Roman Sandals

May 23, 2008

A language for sysadmin testing

Filed under: sysadmin, test-driven sysadmin — rchanter @ 4:13 pm

This article is part of a series on Test-Driven Systems Administration.

Having decided that we’re going to test the hell out of everything, we need to settle on a language for both the tests we want to run, and the data we want to collect. In trying to building a systems test tool, there is a series of design decisions that flow from having a sytems admin perspective.

Basic Design Principles

  • Low friction: it should be simple to write tests.
  • Didactic: Examining existing tests should yield something meaningful. They should serve as a knowledge-sharing channel.
  • Language independence: it should be easy to use your language of choice to write tests.
  • Ubiquity: run-time dependencies should not be an obstacle to deploying and using a tool.
  • Safety: it will be common for tests to run with elevated privileges.

This post is about all of these things, but principally about the testing language. At the highest level, we can divide language into vocabulary and grammar. It’s worth considering these separately when we look at systems testing.
Vocabulary

It occurs to me that most sysadmins already have a perfectly good vocabulary for systems testing: shell one-liners and scripts. There are a few … ah, let’s say … improvement opportunities there. I’ll start by confessing that I love one-liners. I would reckon that 80% of what I want to do to assess a Unix system can be done with one-liners.

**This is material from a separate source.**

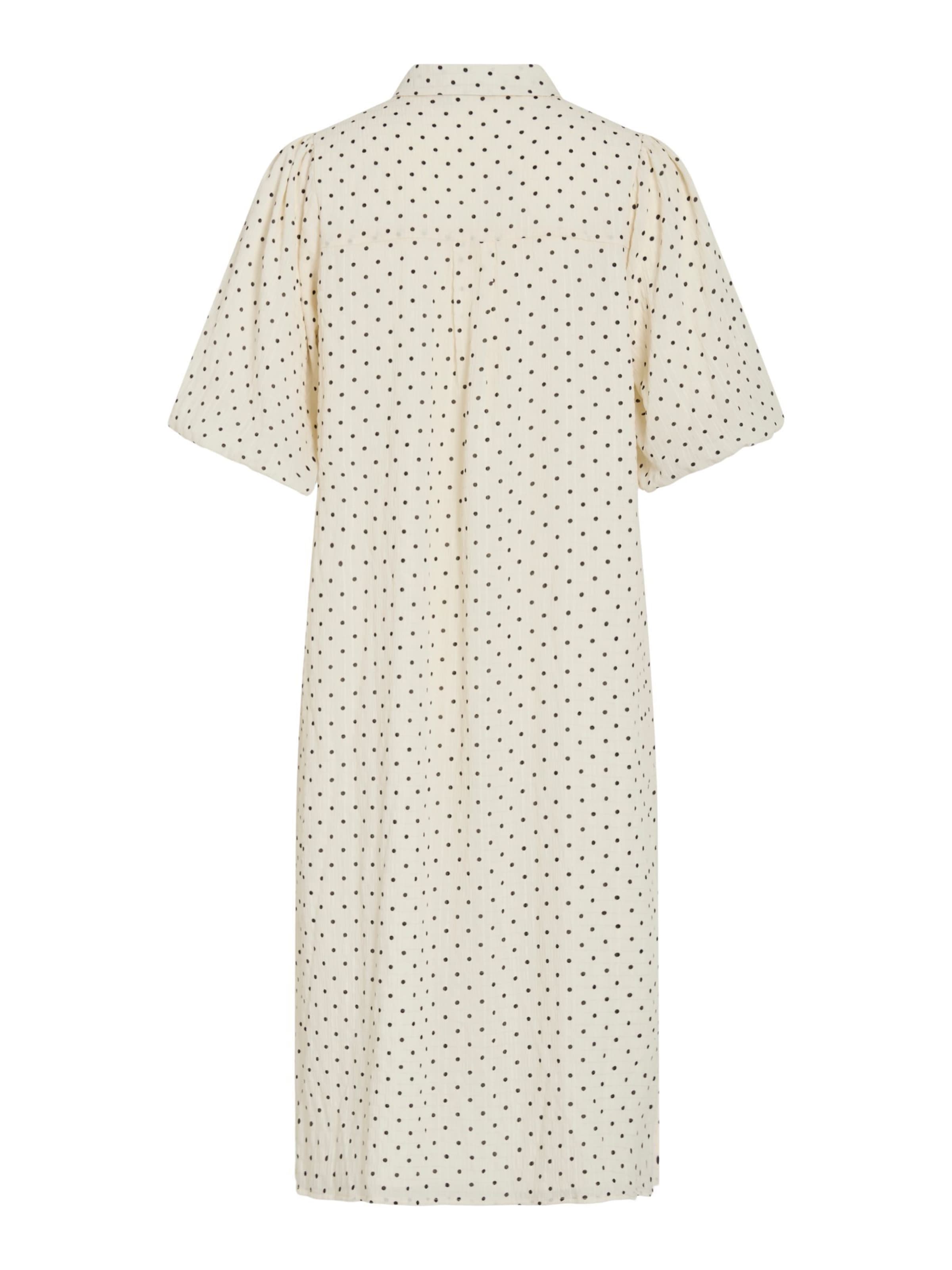 Abito camicia 'VIEA' di VILA in bianco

Preliminary health checks on most servers are done with a handful of standard commands. Putting together a 6-command pipeline usually gets me cackling with glee at my own ingenuity. So one-liners are probably going to be a big part of my testing toolkit.

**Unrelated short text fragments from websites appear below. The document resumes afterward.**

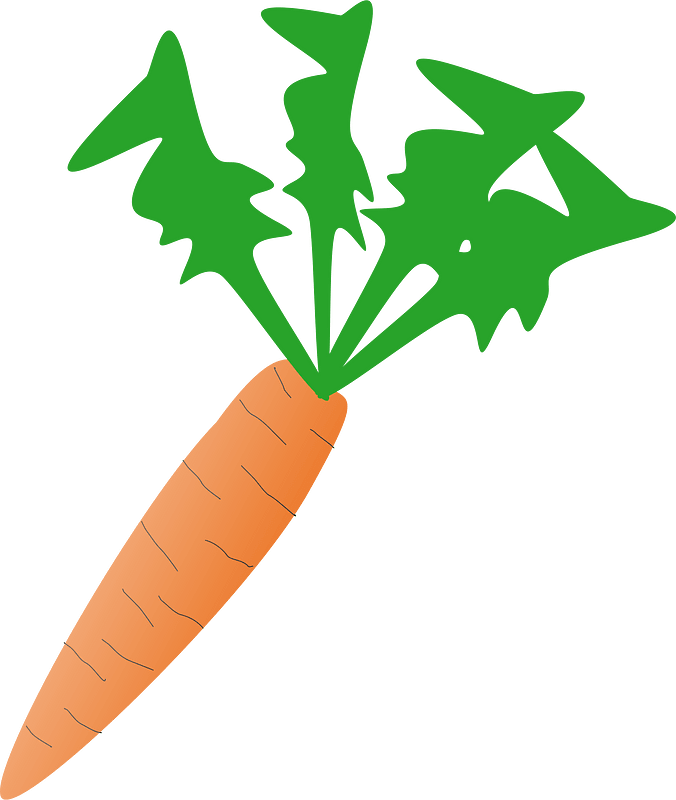 Carrot clipart. Free download transparent .PNG Creazilla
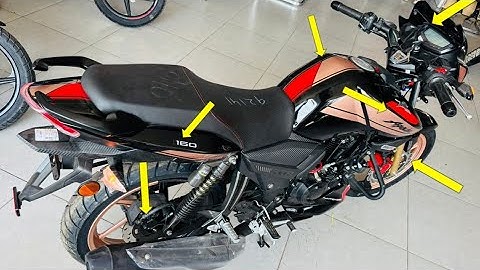 Lo Agayi New 2025 TVS Apache RTR 160 2V Special Edition Review | On Road Price GST Update Features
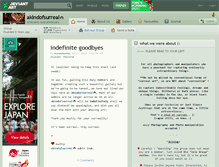 Tablet Screenshot of akindofsurreal.deviantart.com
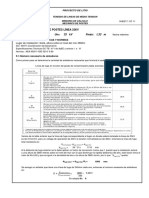 Calculo Mecanico de Postes - Correccion de Distancias de Fuga PDF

As for shell scripts, there are a few classic shell scripting patterns. In general, they violate my “Low Friction” principle.

  • One-offs, ranging from a simple for-loop at the shell prompt to single-purpose throwaway scripts (say, up to a couple of dozen lines).
  • Write a 20-line shell script that basically just builds and executes one command. By the time you get to the bit that executes the command, it looks something like “$DO_CMD $CMD_OPTS $ARGS”, so you need to trace the script logic, include debug code, or insert “set -x” all over the place to figure out what it’s doing. My personal favourite is a 65-line shell script that does an rsync in a for-loop and subversion commit. This violates my “Didactic” principle.
  • Write a 1000-line shell script that is effectively 100 little scripts in one, and sends you blind if you try and maintain it. Because it’s a shell script interpreted top-to-bottom, you have to put all your functions at the top and no one can find where the main loop starts. This violates the “Sanity” principle.
  • Come to your senses, abandon the shell script, and rewrite it in Perl (Python, Ruby, whatever your systems scripting language of choice is).

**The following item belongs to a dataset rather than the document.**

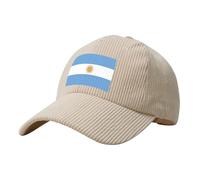 Cappello da Trucker con Repubblica Argentina Bandiera Nazionale Patrio - Viscosa Baseball Unisex Protezione Solare Regolabile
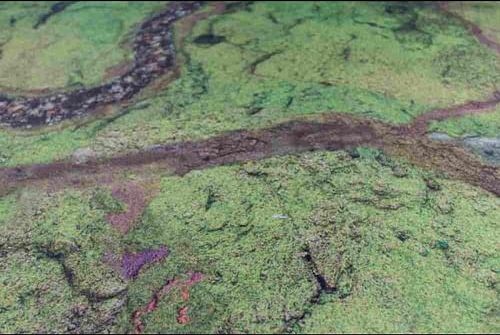 Herní podložka Kraken Wargames - River Valley - obrázek 3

In practice, shell scripting tends to involve reusing a relatively small set of common idioms over and over. If you’re lucky, you’ll have a set of common libraries. But shell libraries have a tendency to be a bit opaque and non-portable in their own right (for example, useful as some of the things in Red Hat’s /etc/init.d/functions might be, nobody in their right mind is going to use them for portable shell scripts). If you’re less lucky, you’ll have some skeleton scripts that you can plug your specifics into. If you’re less lucky still, you do it from scratch every time, so no two scripts work quite alike (or you take more of a productivity hit than you should need to to automate something). There are a few well-known problems with shell scripts in general, but I’m not necessarily going to attack them head-on just yet.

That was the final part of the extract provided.